African American Studies

Abstract

Nicholas Martin is the principle of P.S. 6 and grew up in the Hunts Point area of the Bronx. He was born in Manhattan and when he was 5 his parents moved to Fox Street in the South Bronx. His father worked on the docks. His father spoke broken English and fluent Spanish and was born in Florida. He traveled back and forth from Cuba though. His mother spoke English and Spanish fluently and was born in Puerto Rico.

He remembers Fox Street when he was growing up as lively. Children would play lots of games outside on the street. It was also a very diverse neighborhood. He attended grade school as P.S 62, right on Fox Street. He was very influenced by his music teacher in middle school. He attended Central Commercial High School.

There was a lot of Afro-Cuban music in his house. His parents never took him to see live performances but he would go to clubs and dance halls with his friends.

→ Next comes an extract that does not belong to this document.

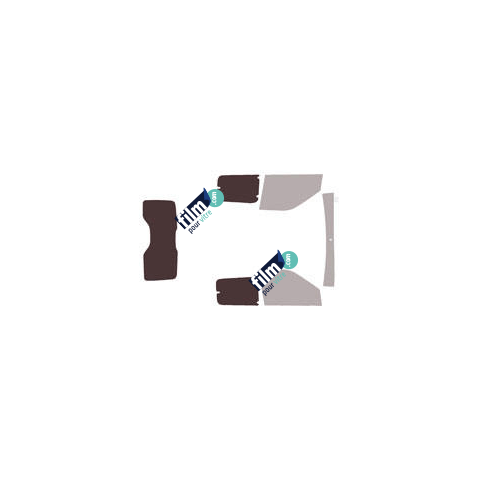 Kit film solaire Opel Combo (B) Utilitaire 4/5 portes (2011 - 2018) 2 vitres entrouvrantes et hayon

He remembers narcotics coming to his neighborhood when he was 12. He observed the devastating effect it had on his neighborhood. One could sit on the steps and watch people carrying stolen goods down the street. He also said that the law enforcement was ineffective. He lost a lot of his friends due to their drug involvement and because of that has very few friends still in his life from when he was younger. Another reason he sites for the change in the community, is the moral fiber of the people living in the Bronx changed and they had less respect for government agencies. He also blames television programs and the lessening role of religion in people’s lives.

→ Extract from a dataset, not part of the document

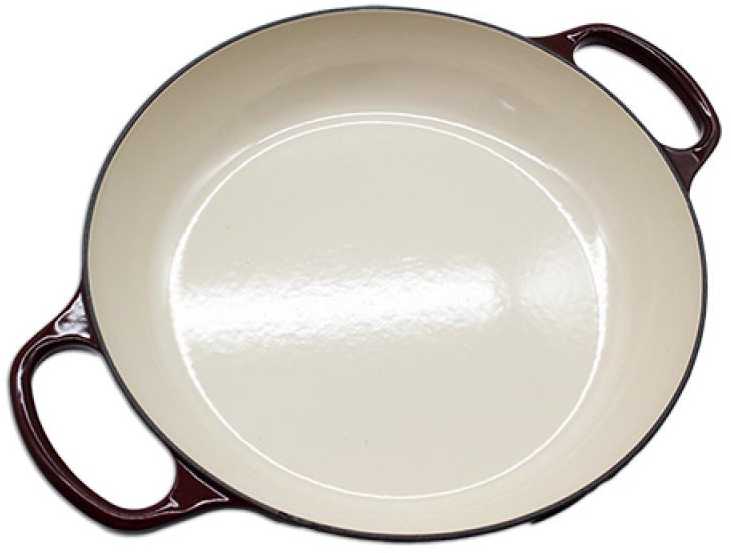 Virtuvės Indai - Le Creuset Signature Ketaus Seklioji Keptuvė 30cm 3.5L Rhone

During his first year of teaching he became a police officer working in Harlem when gang violence was escalating. However, he was quickly taken from working on the streets to behind the scenes for the inspector. He eventually left the police department and started teaching in Harlem. Working for the inspector while simultaneously working in Harlem exposed him to all levels of social hierarchy, and this is what helped him the most when he began teaching.

He moved out of the Bronx in 1963. However, he was deployed while working in the police department to his old neighborhood when there were fires there, and he was deployed to the Bronx during the 1977 blackout.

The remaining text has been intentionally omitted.